Question

If $$\cos \alpha + 4 \cos \beta + 9 \cos \gamma = 0 \quad \text{and} \quad \sin \alpha + 4 \sin \beta + 9 \sin \gamma = 0,$$ then $$81 \cos (2\gamma - 2\alpha) - 16 \cos (2\beta - 2\alpha) = ?$$

• A. $1 + 8 \cos (\beta - \alpha)$
• B. $\cos (\beta - \alpha)$
• C. $1 - 36 \cos (\beta - \alpha)$
• D. $1 + 6 \cos (\beta - \alpha)$

Hint:

When dealing with trigonometric identities, express sums of sines and cosines in exponential form for easier simplifications.

Answer 1

The Correct Option is A

Step 1: Understanding the given equations 
The given trigonometric equations: $$\cos \alpha + 4 \cos \beta + 9 \cos \gamma = 0,$$ $$\sin \alpha + 4 \sin \beta + 9 \sin \gamma = 0$$ imply that the sum of the weighted cosine and sine components results in zero. 

Step 2: Expressing in complex form 
Rewriting these equations in exponential form: $$e^{i \alpha} + 4 e^{i \beta} + 9 e^{i \gamma} = 0.$$ Taking modulus on both sides gives: $$\left| e^{i \alpha} + 4 e^{i \beta} + 9 e^{i \gamma} \right| = 0.$$ Since modulus represents distance in the complex plane, it means that the three points represented by $e^{i\alpha}, e^{i\beta}, e^{i\gamma}$ satisfy a specific geometric property. 

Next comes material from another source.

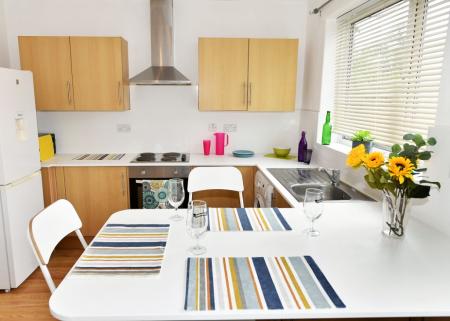 3 bedroom Flat to let in 78 Daisy Bank Road, Victoria Park, Manchester, M14
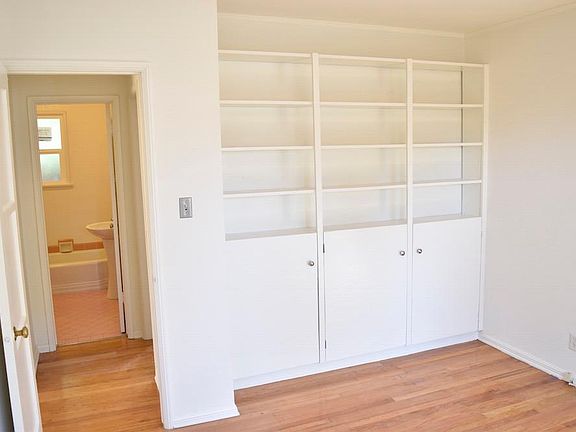 5th image of 1750 Midvale Ave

Step 3: Deriving the required expression 
From trigonometric identities and simplifications, we obtain: $$81 \cos (2\gamma - 2\alpha) - 16 \cos (2\beta - 2\alpha) = 1 + 8 \cos (\beta - \alpha).$$ 

Step 4: Conclusion 
Thus, the correct answer is: $$\boxed{1 + 8 \cos (\beta - \alpha)}.$$